Exercise brief:
Each line below that holds the string "السعر" counts once; report the total and nothing else.

Supplied information:

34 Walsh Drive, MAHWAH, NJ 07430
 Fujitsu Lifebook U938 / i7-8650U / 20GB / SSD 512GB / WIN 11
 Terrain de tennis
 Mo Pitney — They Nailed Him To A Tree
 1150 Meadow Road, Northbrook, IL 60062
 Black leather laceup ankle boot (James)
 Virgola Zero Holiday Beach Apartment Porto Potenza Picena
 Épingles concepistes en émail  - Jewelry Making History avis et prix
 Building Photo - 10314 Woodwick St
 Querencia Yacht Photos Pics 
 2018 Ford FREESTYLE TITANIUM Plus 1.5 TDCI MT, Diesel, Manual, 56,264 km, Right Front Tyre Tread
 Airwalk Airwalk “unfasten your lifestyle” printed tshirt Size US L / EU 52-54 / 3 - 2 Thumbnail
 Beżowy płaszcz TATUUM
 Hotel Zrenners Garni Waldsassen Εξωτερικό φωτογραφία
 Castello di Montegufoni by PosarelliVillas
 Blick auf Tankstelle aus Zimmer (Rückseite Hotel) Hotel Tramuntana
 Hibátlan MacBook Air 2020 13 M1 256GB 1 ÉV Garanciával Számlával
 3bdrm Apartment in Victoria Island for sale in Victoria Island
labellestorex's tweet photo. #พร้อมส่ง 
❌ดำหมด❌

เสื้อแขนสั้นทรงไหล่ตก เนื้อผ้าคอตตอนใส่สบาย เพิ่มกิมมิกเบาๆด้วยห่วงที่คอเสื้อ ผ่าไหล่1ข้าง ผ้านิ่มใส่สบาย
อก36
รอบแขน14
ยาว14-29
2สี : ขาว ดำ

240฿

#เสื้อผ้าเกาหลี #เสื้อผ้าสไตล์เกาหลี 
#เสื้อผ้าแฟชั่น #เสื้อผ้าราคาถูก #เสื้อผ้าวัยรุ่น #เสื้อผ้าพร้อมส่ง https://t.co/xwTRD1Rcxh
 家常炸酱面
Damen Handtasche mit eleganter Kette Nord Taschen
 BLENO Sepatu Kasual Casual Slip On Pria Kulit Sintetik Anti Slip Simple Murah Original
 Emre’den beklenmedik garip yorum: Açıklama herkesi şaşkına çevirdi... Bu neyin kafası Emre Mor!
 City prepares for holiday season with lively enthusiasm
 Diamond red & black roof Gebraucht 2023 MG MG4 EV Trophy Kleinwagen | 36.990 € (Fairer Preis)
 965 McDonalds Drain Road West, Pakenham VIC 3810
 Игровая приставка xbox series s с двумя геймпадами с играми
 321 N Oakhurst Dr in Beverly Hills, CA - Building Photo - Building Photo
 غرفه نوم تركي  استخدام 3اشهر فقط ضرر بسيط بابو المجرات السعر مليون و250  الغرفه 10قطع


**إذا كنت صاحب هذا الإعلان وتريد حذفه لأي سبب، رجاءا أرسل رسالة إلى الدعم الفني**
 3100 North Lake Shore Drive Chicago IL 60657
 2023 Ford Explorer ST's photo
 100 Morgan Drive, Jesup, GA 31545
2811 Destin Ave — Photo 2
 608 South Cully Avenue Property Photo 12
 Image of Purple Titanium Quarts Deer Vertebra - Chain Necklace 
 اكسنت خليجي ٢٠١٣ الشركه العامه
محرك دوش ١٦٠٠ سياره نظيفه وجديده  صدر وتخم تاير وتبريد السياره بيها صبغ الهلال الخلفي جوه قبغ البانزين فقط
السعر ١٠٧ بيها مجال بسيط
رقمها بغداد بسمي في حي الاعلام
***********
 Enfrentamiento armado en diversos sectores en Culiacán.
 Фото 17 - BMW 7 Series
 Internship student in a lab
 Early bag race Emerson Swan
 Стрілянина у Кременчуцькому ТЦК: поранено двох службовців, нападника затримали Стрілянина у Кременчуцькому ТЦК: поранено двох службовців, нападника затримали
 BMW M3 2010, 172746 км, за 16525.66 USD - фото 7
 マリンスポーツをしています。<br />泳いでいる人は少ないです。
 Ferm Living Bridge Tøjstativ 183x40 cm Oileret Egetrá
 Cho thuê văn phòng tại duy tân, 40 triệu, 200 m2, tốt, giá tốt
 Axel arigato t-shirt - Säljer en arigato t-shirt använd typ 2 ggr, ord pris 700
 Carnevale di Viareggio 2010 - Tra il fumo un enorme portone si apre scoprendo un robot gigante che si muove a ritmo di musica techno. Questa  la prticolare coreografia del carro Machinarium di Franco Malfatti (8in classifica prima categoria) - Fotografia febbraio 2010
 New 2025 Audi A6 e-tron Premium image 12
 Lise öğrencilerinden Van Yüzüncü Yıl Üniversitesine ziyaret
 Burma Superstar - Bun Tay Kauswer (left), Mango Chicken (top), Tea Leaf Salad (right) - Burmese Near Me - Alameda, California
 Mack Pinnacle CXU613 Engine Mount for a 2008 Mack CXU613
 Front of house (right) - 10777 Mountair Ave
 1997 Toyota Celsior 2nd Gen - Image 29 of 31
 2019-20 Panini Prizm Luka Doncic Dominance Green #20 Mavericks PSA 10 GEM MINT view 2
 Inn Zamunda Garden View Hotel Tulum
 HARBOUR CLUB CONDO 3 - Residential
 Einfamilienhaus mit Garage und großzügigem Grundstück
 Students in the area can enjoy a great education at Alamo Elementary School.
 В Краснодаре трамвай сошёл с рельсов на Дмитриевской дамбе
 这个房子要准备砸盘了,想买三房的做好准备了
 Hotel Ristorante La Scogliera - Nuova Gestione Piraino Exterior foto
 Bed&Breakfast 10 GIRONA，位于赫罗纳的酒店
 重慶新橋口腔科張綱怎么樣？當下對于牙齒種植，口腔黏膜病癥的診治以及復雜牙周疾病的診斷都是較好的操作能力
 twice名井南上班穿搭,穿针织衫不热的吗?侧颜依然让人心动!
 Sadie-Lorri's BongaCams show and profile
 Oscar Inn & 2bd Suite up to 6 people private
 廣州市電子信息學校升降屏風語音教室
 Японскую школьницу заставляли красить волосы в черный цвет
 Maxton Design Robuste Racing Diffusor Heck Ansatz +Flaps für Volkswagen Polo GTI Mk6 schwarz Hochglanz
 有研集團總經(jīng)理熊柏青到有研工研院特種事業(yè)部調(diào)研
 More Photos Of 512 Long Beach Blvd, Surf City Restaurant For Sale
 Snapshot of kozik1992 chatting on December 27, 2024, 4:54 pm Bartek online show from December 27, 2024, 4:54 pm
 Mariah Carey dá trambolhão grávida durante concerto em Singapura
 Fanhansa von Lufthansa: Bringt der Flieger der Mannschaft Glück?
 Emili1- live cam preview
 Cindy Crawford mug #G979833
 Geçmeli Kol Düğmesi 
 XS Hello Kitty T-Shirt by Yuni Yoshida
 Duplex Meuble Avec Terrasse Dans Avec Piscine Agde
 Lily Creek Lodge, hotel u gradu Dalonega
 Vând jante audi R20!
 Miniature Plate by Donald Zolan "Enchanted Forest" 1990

Written answer:
2